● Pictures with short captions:

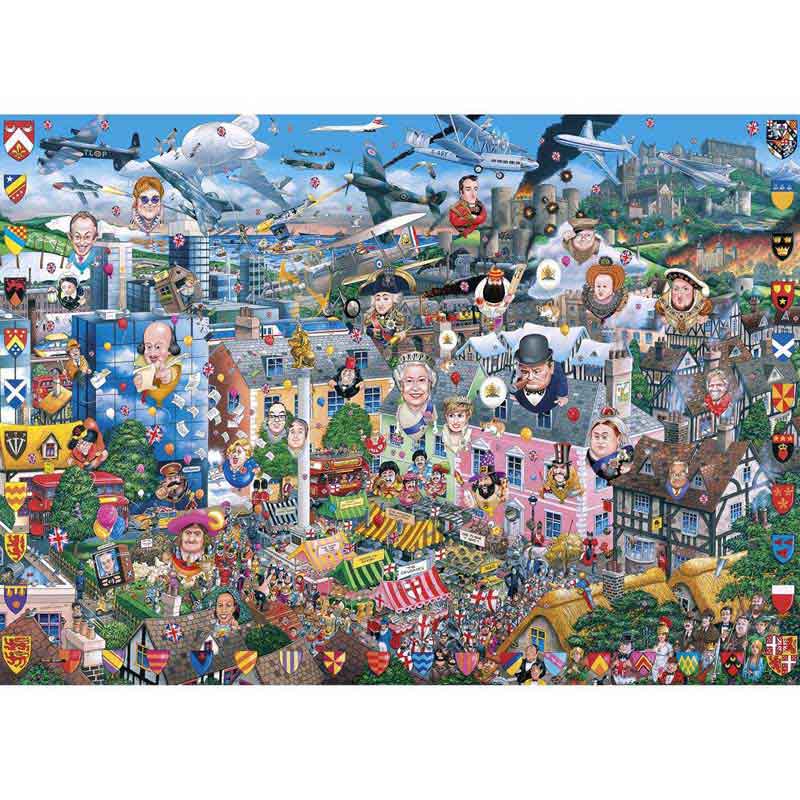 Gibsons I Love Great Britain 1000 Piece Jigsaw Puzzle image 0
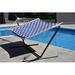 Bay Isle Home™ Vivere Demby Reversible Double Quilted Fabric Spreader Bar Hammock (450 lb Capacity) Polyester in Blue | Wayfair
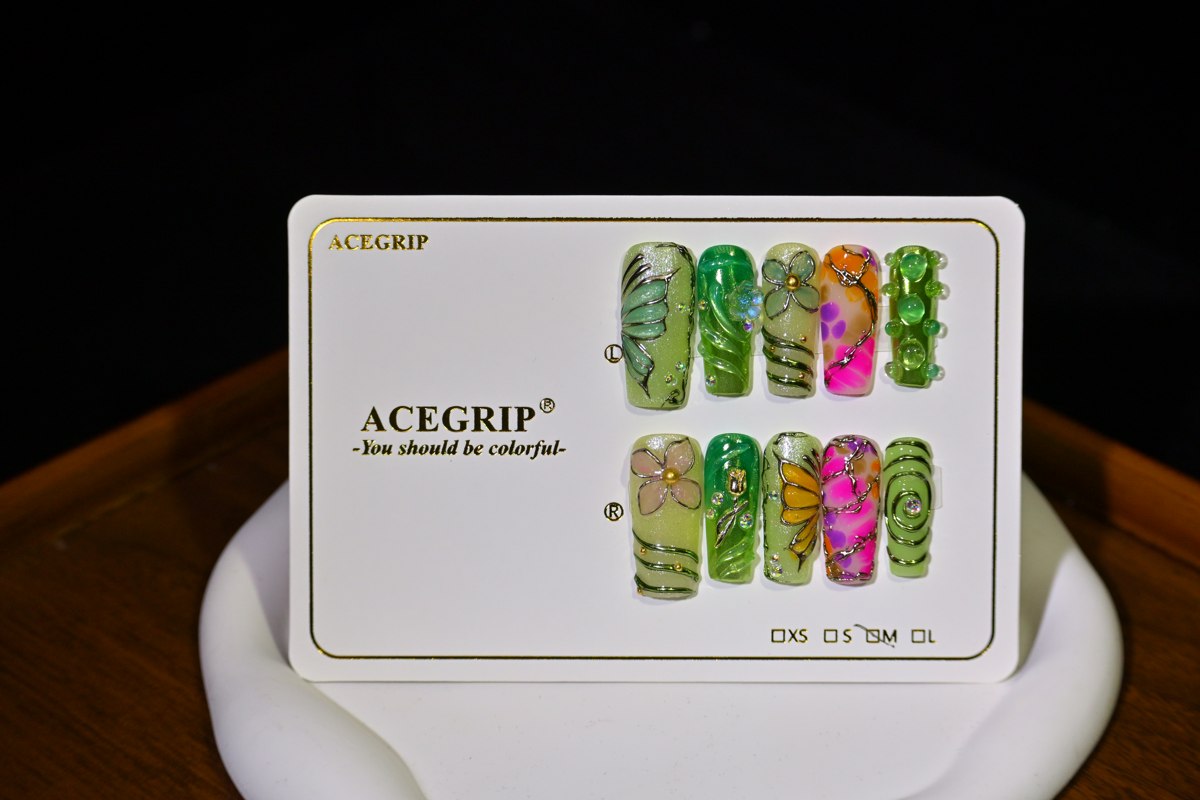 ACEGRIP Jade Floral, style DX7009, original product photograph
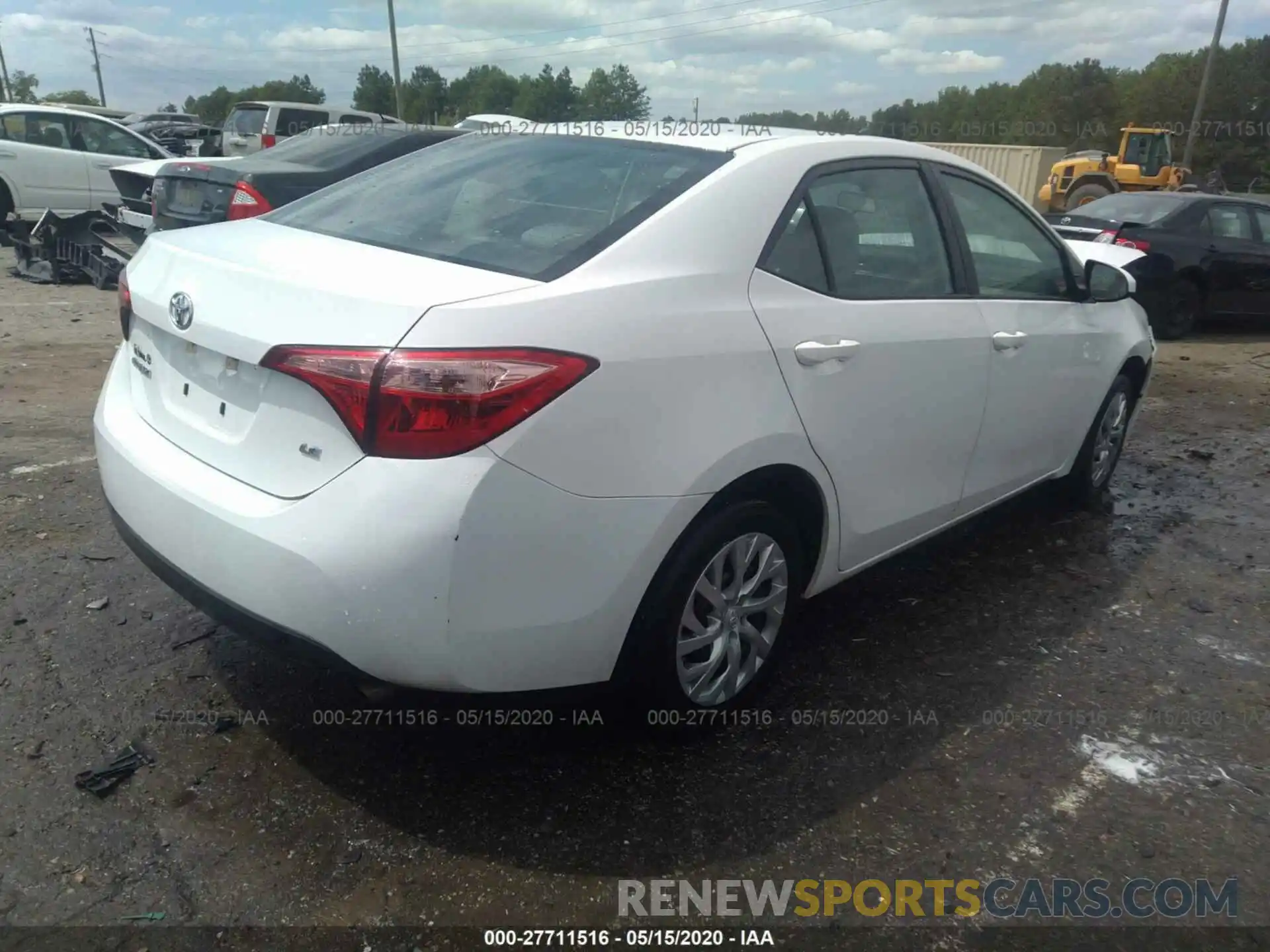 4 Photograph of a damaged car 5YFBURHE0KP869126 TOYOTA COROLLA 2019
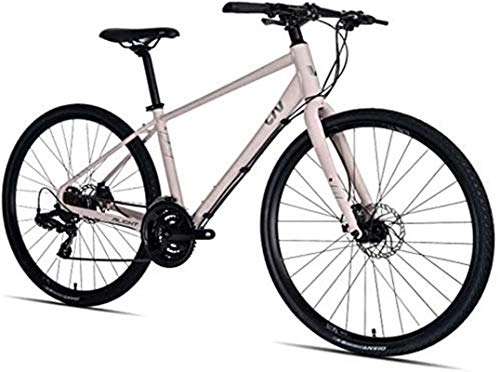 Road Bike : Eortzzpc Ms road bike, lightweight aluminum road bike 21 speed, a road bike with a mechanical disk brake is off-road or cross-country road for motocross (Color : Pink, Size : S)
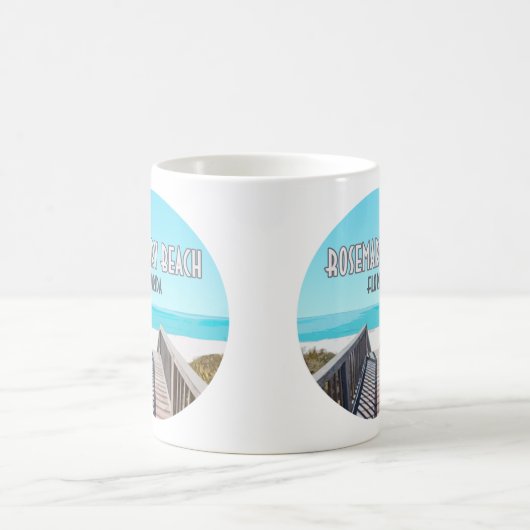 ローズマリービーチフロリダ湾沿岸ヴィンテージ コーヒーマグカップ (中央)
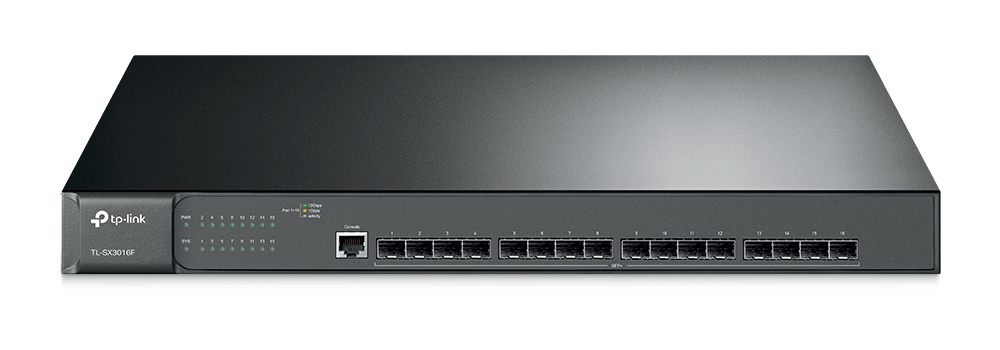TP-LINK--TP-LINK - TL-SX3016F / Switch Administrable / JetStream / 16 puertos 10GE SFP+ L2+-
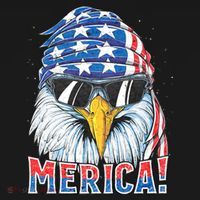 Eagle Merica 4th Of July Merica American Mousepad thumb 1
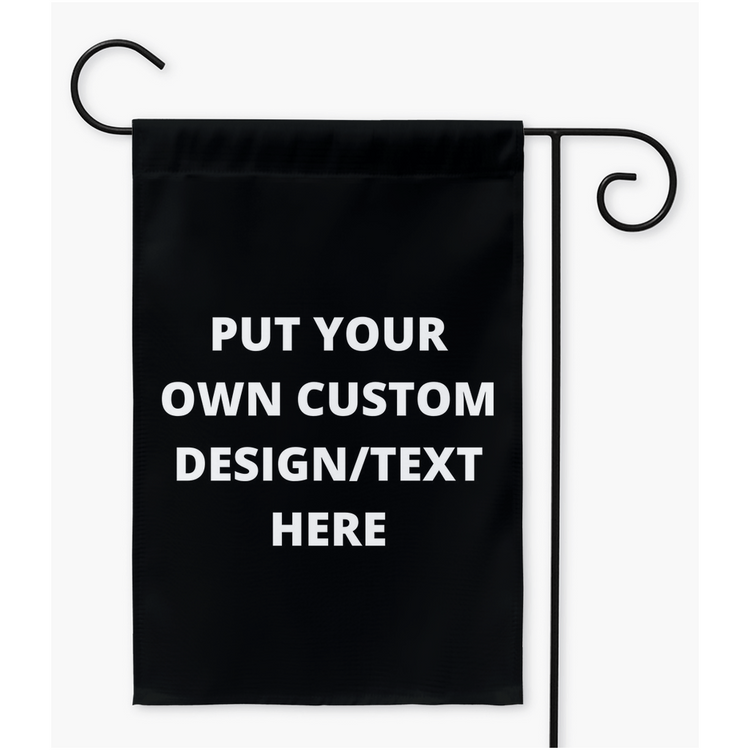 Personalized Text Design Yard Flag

● PROMPT: Take the entries above and restate them word for word, minus their images.

● EXPECTED OUTPUT:
 Gibsons I Love Great Britain 1000 Piece Jigsaw Puzzle image 0
 Bay Isle Home™ Vivere Demby Reversible Double Quilted Fabric Spreader Bar Hammock (450 lb Capacity) Polyester in Blue | Wayfair
 ACEGRIP Jade Floral, style DX7009, original product photograph
 4 Photograph of a damaged car 5YFBURHE0KP869126 TOYOTA COROLLA 2019
 Road Bike : Eortzzpc Ms road bike, lightweight aluminum road bike 21 speed, a road bike with a mechanical disk brake is off-road or cross-country road for motocross (Color : Pink, Size : S)
 ローズマリービーチフロリダ湾沿岸ヴィンテージ コーヒーマグカップ (中央)
TP-LINK--TP-LINK - TL-SX3016F / Switch Administrable / JetStream / 16 puertos 10GE SFP+ L2+-
 Eagle Merica 4th Of July Merica American Mousepad thumb 1
 Personalized Text Design Yard Flag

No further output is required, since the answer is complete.